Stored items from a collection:

Segment Open

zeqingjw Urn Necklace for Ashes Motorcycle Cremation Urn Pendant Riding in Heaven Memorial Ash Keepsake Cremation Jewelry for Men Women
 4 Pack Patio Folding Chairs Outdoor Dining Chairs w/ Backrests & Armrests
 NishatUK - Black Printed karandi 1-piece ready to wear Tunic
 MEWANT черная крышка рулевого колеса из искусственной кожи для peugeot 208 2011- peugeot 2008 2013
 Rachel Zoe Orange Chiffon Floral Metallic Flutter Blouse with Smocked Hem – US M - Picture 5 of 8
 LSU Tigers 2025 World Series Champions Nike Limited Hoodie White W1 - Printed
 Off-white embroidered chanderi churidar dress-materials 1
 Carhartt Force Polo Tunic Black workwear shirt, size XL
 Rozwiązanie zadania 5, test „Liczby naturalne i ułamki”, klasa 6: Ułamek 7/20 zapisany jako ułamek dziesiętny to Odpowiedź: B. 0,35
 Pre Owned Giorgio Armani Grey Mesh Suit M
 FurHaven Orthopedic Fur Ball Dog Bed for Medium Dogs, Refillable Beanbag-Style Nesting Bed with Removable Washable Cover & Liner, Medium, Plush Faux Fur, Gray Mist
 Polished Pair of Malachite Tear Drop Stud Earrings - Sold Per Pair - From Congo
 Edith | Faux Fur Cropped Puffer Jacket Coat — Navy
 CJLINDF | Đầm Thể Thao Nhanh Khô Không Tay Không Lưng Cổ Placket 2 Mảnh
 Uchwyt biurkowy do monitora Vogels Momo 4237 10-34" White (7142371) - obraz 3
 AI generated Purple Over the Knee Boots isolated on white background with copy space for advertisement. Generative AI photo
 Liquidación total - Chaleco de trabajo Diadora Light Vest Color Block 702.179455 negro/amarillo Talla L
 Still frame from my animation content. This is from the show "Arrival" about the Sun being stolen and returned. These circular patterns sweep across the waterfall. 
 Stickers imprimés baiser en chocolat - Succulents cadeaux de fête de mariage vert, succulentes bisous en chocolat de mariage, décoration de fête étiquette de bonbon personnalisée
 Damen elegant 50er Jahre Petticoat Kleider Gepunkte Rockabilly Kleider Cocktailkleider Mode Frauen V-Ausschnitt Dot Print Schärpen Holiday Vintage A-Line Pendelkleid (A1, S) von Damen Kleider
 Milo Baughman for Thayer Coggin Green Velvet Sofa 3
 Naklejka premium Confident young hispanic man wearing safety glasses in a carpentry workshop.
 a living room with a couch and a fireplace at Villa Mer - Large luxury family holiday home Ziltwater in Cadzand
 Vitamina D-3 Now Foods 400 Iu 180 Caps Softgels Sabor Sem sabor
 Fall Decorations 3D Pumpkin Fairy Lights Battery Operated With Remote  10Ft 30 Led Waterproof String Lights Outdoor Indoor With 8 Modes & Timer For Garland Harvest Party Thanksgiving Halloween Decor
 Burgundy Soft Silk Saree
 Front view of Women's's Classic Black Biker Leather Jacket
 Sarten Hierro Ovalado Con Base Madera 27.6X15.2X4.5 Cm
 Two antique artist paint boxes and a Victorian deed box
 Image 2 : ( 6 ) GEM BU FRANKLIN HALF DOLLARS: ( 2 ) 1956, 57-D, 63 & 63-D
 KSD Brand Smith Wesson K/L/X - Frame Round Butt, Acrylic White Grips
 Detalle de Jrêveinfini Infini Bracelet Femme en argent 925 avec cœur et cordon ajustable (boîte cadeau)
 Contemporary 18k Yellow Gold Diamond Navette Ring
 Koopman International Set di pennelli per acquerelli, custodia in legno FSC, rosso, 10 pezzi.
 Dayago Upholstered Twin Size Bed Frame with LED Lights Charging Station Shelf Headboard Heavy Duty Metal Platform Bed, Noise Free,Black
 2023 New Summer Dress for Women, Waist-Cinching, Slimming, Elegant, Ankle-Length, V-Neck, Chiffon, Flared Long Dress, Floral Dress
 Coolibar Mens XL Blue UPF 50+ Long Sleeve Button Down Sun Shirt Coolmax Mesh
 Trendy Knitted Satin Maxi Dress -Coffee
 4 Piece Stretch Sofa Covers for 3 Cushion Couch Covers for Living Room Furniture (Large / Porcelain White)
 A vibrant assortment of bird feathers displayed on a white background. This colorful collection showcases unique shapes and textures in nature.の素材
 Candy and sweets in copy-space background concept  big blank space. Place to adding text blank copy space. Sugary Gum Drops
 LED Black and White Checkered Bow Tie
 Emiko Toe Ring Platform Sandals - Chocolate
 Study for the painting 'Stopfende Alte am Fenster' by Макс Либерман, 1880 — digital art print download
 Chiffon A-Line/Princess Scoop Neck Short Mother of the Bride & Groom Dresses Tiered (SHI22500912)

Segment Closed

Task goal: All entries above are to be reproduced exactly.

Answer below:
zeqingjw Urn Necklace for Ashes Motorcycle Cremation Urn Pendant Riding in Heaven Memorial Ash Keepsake Cremation Jewelry for Men Women
 4 Pack Patio Folding Chairs Outdoor Dining Chairs w/ Backrests & Armrests
 NishatUK - Black Printed karandi 1-piece ready to wear Tunic
 MEWANT черная крышка рулевого колеса из искусственной кожи для peugeot 208 2011- peugeot 2008 2013
 Rachel Zoe Orange Chiffon Floral Metallic Flutter Blouse with Smocked Hem – US M - Picture 5 of 8
 LSU Tigers 2025 World Series Champions Nike Limited Hoodie White W1 - Printed
 Off-white embroidered chanderi churidar dress-materials 1
 Carhartt Force Polo Tunic Black workwear shirt, size XL
 Rozwiązanie zadania 5, test „Liczby naturalne i ułamki”, klasa 6: Ułamek 7/20 zapisany jako ułamek dziesiętny to Odpowiedź: B. 0,35
 Pre Owned Giorgio Armani Grey Mesh Suit M
 FurHaven Orthopedic Fur Ball Dog Bed for Medium Dogs, Refillable Beanbag-Style Nesting Bed with Removable Washable Cover & Liner, Medium, Plush Faux Fur, Gray Mist
 Polished Pair of Malachite Tear Drop Stud Earrings - Sold Per Pair - From Congo
 Edith | Faux Fur Cropped Puffer Jacket Coat — Navy
 CJLINDF | Đầm Thể Thao Nhanh Khô Không Tay Không Lưng Cổ Placket 2 Mảnh
 Uchwyt biurkowy do monitora Vogels Momo 4237 10-34" White (7142371) - obraz 3
 AI generated Purple Over the Knee Boots isolated on white background with copy space for advertisement. Generative AI photo
 Liquidación total - Chaleco de trabajo Diadora Light Vest Color Block 702.179455 negro/amarillo Talla L
 Still frame from my animation content. This is from the show "Arrival" about the Sun being stolen and returned. These circular patterns sweep across the waterfall. 
 Stickers imprimés baiser en chocolat - Succulents cadeaux de fête de mariage vert, succulentes bisous en chocolat de mariage, décoration de fête étiquette de bonbon personnalisée
 Damen elegant 50er Jahre Petticoat Kleider Gepunkte Rockabilly Kleider Cocktailkleider Mode Frauen V-Ausschnitt Dot Print Schärpen Holiday Vintage A-Line Pendelkleid (A1, S) von Damen Kleider
 Milo Baughman for Thayer Coggin Green Velvet Sofa 3
 Naklejka premium Confident young hispanic man wearing safety glasses in a carpentry workshop.
 a living room with a couch and a fireplace at Villa Mer - Large luxury family holiday home Ziltwater in Cadzand
 Vitamina D-3 Now Foods 400 Iu 180 Caps Softgels Sabor Sem sabor
 Fall Decorations 3D Pumpkin Fairy Lights Battery Operated With Remote  10Ft 30 Led Waterproof String Lights Outdoor Indoor With 8 Modes & Timer For Garland Harvest Party Thanksgiving Halloween Decor
 Burgundy Soft Silk Saree
 Front view of Women's's Classic Black Biker Leather Jacket
 Sarten Hierro Ovalado Con Base Madera 27.6X15.2X4.5 Cm
 Two antique artist paint boxes and a Victorian deed box
 Image 2 : ( 6 ) GEM BU FRANKLIN HALF DOLLARS: ( 2 ) 1956, 57-D, 63 & 63-D
 KSD Brand Smith Wesson K/L/X - Frame Round Butt, Acrylic White Grips
 Detalle de Jrêveinfini Infini Bracelet Femme en argent 925 avec cœur et cordon ajustable (boîte cadeau)
 Contemporary 18k Yellow Gold Diamond Navette Ring
 Koopman International Set di pennelli per acquerelli, custodia in legno FSC, rosso, 10 pezzi.
 Dayago Upholstered Twin Size Bed Frame with LED Lights Charging Station Shelf Headboard Heavy Duty Metal Platform Bed, Noise Free,Black
 2023 New Summer Dress for Women, Waist-Cinching, Slimming, Elegant, Ankle-Length, V-Neck, Chiffon, Flared Long Dress, Floral Dress
 Coolibar Mens XL Blue UPF 50+ Long Sleeve Button Down Sun Shirt Coolmax Mesh
 Trendy Knitted Satin Maxi Dress -Coffee
 4 Piece Stretch Sofa Covers for 3 Cushion Couch Covers for Living Room Furniture (Large / Porcelain White)
 A vibrant assortment of bird feathers displayed on a white background. This colorful collection showcases unique shapes and textures in nature.の素材
 Candy and sweets in copy-space background concept  big blank space. Place to adding text blank copy space. Sugary Gum Drops
 LED Black and White Checkered Bow Tie
 Emiko Toe Ring Platform Sandals - Chocolate
 Study for the painting 'Stopfende Alte am Fenster' by Макс Либерман, 1880 — digital art print download
 Chiffon A-Line/Princess Scoop Neck Short Mother of the Bride & Groom Dresses Tiered (SHI22500912)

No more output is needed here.